USGS scientists continue to monitor the Kilauea Volcano on the Big Island of Hawaii for any signs of eruption. While the volcano isn’t erupting at the moment, that could change soon; the summit region of the volcano continues to exhibit signs of heightened unrest with elevated summit seismicity.
“Inflationary tilt and elevated seismicity continue at Kīlauea’s summit,” wrote USGS scientists at the Hawaiian Volcano Observatory (HVO.) “Daily rates have been variable, but over the past several months, both deformation and seismicity have been elevated beyond observations preceding the January 5, 2023 summit eruption. Earthquake rates remain elevated beneath Kīlauea summit and Nāmakanipaio. Over the past 24 hours, 93 earthquakes were located beneath Kīlauea summit, with an increase in number overnight. Most of the earthquakes have been smaller than magnitude-2 and not reported felt. The most recent sulfur dioxide (SO2) emission rate of approximately 120 tonnes per day was measured on May 26, 2023. ”
While the Summit area shows continued signs of unrest, HVO adds there has been no unusual activity observed along the East Rift Zone or the Southwest Rift Zone; steady rates of ground deformation and seismicity continue along both. Just five years ago, Kilauea erupted in the populated East Rift Zone, destroying homes and entire communities along the northeast coast of the Big Island of Hawaii.
While there is no eruption yet, there are numerous hazards in the area. HVO warns, “Significant hazards around Kīlauea caldera include Halemaʻumaʻu crater wall instability, ground cracking, and rockfalls that can be enhanced by earthquakes within the area closed to the public. This underscores the extremely hazardous nature of the rim surrounding Halemaʻumaʻu crater, an area that has been closed to the public since early 2008. ”

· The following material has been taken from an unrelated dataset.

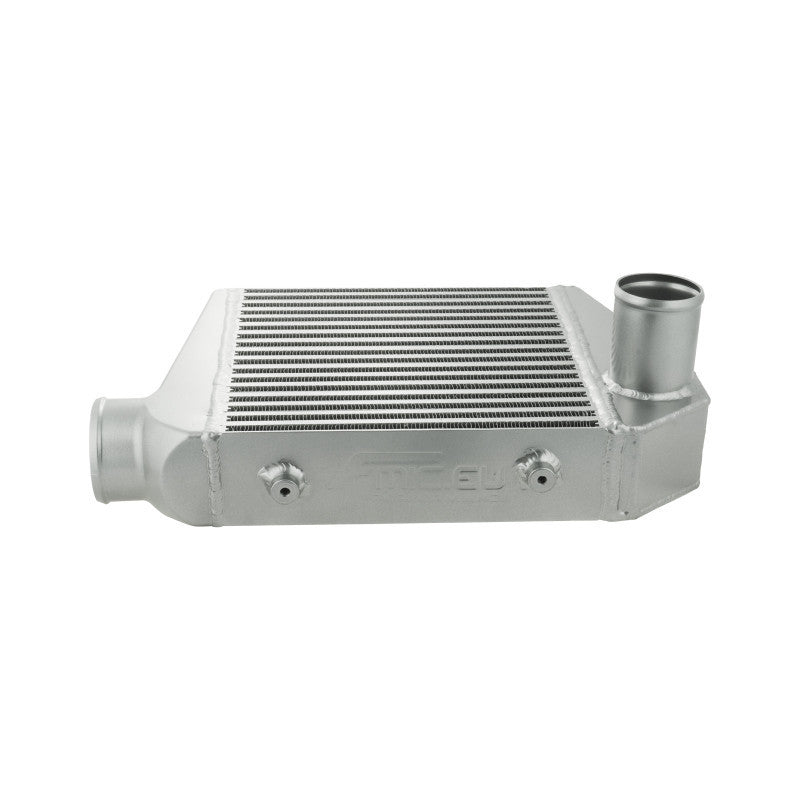 Kit de intercooler para Nissan Patrol con motor BMW 3.0 D M57 azul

The summit of Kilauea is contained entirely within Hawaii Volcanoes National Park. While Mauna Loa Trail, the summit cabin and wilderness area above Red Hill Cabin remain closed due to hazards from the November/December eruption of the Mauna Loa eruption, all park roads and front country trails are open. Park staff do warn visitors though, “It is critical to stay on trails and in designated overlooks. Concealed sinkholes, unstable cliff edges and earth cracks, volcanic gasses present hazards.”